An exact reproduction of the listing, minus the pictures, is the required output.

▸ MATERIAL PROVIDED:
---

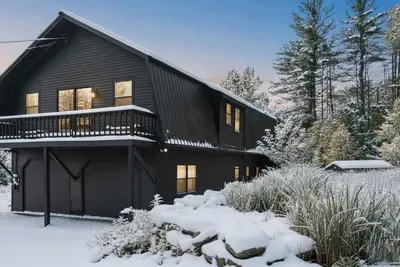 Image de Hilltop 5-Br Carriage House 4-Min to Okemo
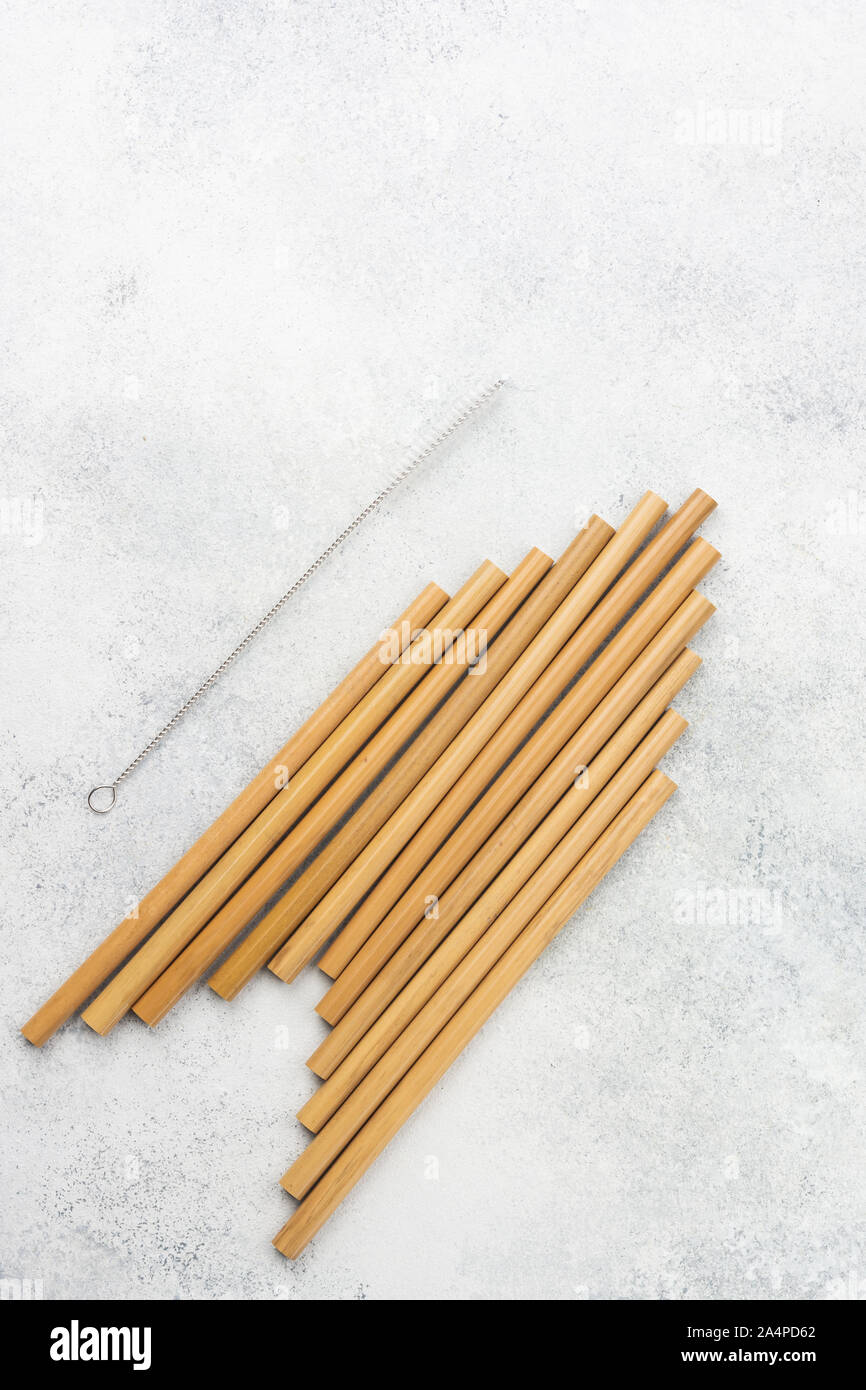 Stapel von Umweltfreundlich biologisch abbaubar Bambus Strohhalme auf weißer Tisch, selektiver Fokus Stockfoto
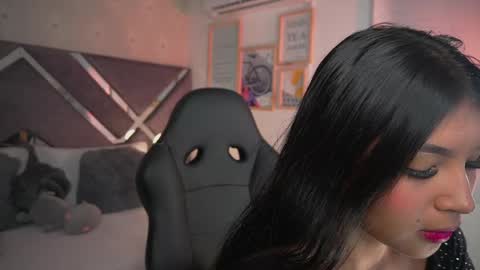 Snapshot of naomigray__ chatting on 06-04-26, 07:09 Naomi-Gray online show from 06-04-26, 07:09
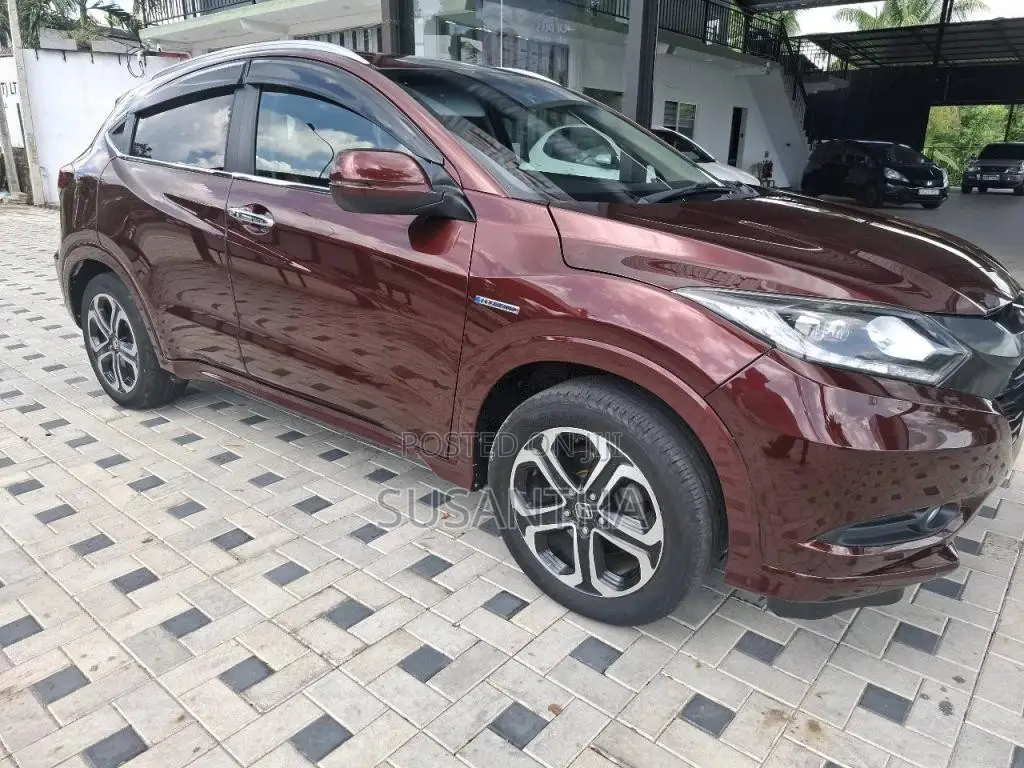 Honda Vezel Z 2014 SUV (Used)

---

▸ TASK RESPONSE:
 Image de Hilltop 5-Br Carriage House 4-Min to Okemo
 Stapel von Umweltfreundlich biologisch abbaubar Bambus Strohhalme auf weißer Tisch, selektiver Fokus Stockfoto
 Snapshot of naomigray__ chatting on 06-04-26, 07:09 Naomi-Gray online show from 06-04-26, 07:09
 Honda Vezel Z 2014 SUV (Used)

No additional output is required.